Alberta’s neighbour to the east matched donations to the Saskatchewan Stock Growers Association up to $100,000 and expanded its Provincial Disaster Assistance Program.
The Saskatchewan Wildlife Federation provided an additional $20,000 donation to the Stock Growers Association.
Carlier encouraged producers in the affected areas to make use of the interest-free loans and April 2017 on-farm water program grant, both of which will also help them rebuild, but didn’t rule out the possibility of more funds in the future.
“We’re continuing monitoring, looking at the uptake of what’s done (and) continue working with producers,” Carlier said.
“We’re going to monitor the situation as we go forward (to) determine what and if any steps might be necessary.”
The minister, who’s also responsible for fire prevention, warned the public to be extra careful to ensure they don’t accidentally start a fire, especially with spring around the corner.
Wildfire season in Alberta officially began on March 1.
“Many wildfires are caused, I’m afraid, by human carelessness, or burning a bush pile or garbage pile when it’s windy or dry,” said Carlier.
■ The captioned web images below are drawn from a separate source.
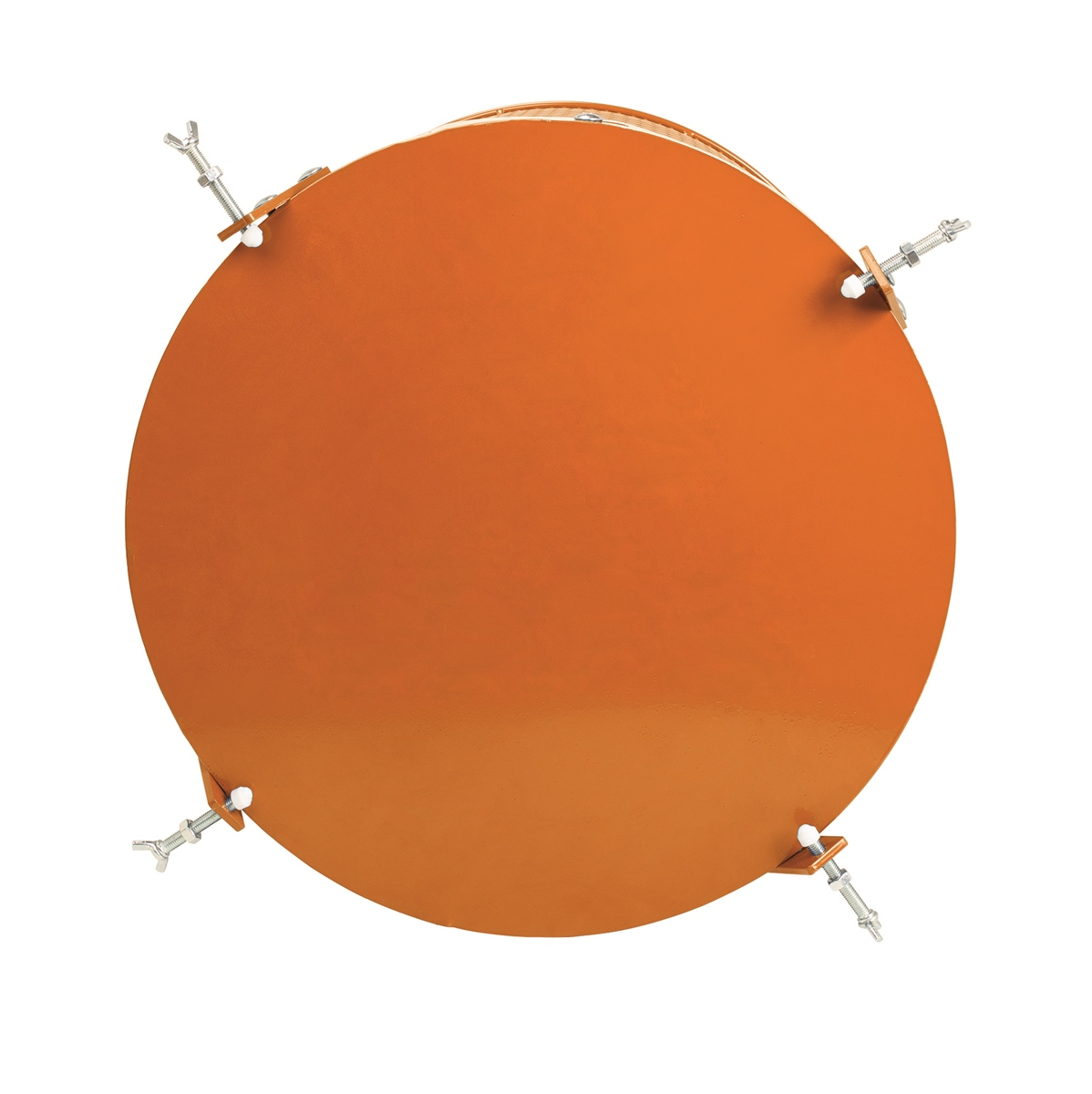 Runde orangefarbene Abdeckung mit vier Metallklemmen und Schrauben auf weißem Hintergrund.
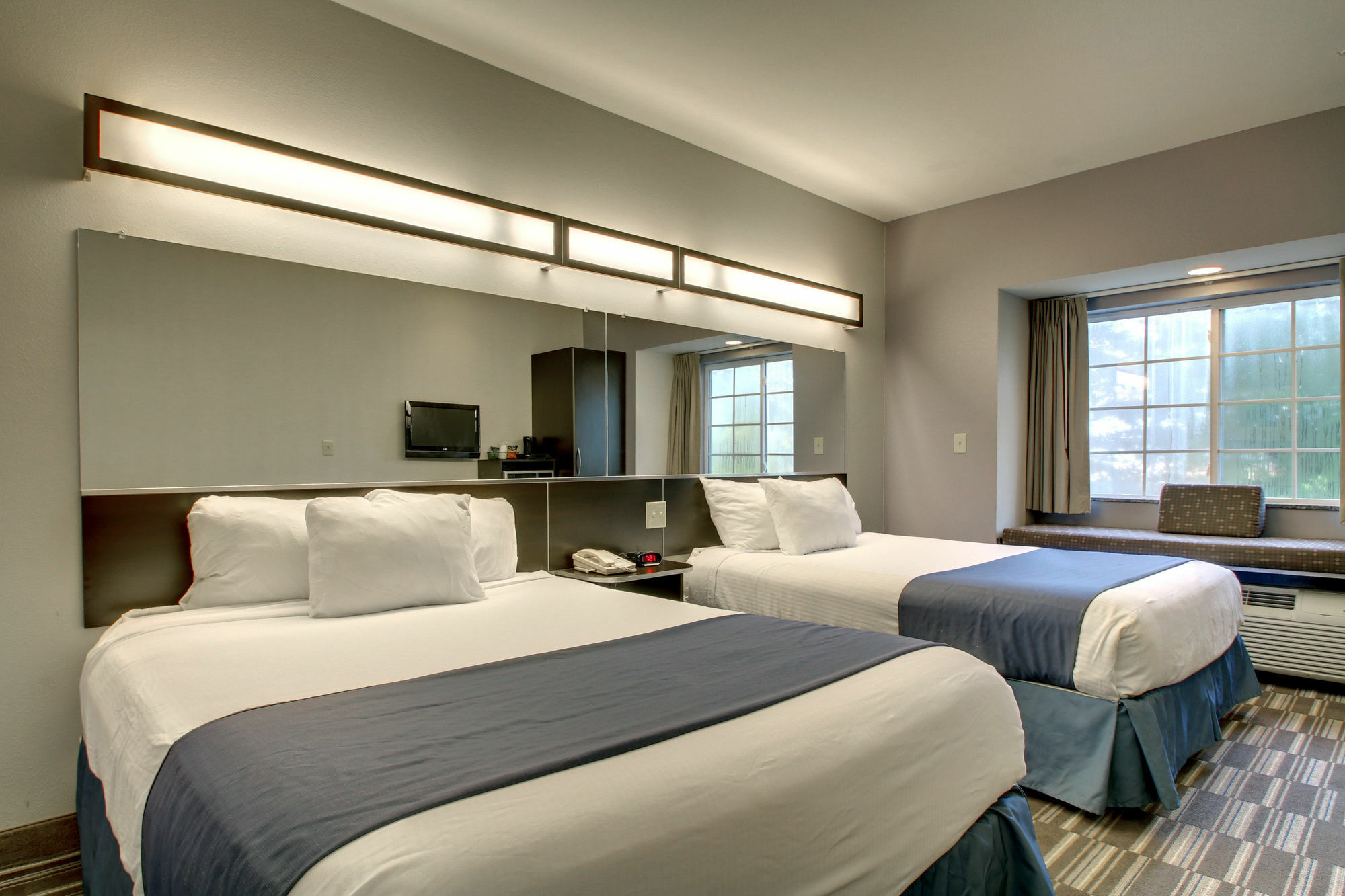 Microtel Inn & Suites By Wyndham Tuscaloosa Extérieur photo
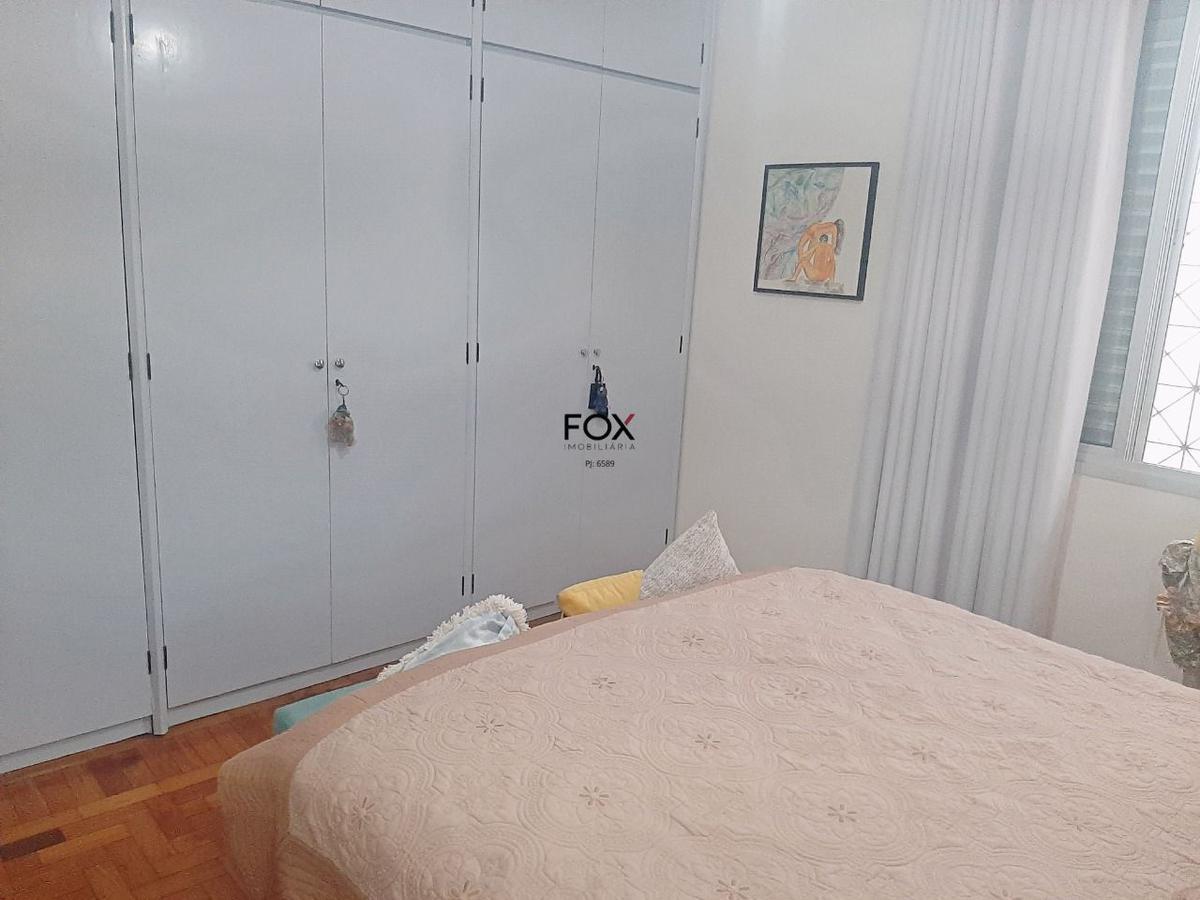 Casa, Colégio Batista, 6 Quartos, 2 Vagas, 1 Suíte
“There’s a lot of snow on the ground right now, but as we continue to spring and things start to dry, people (should) take a second look at what they’re doing around their fires.
“Don’t be that person who causes that wildfire.”
The Hilda wildfires burned about 35,000 hectares in the county and MD, damaging pastures, fields, fences, buildings, killing 200 herds of livestock and destroying one home.
The total estimated cost of the uninsured damage is $29,147,147, according to the Hilda Fire Recovery Committee.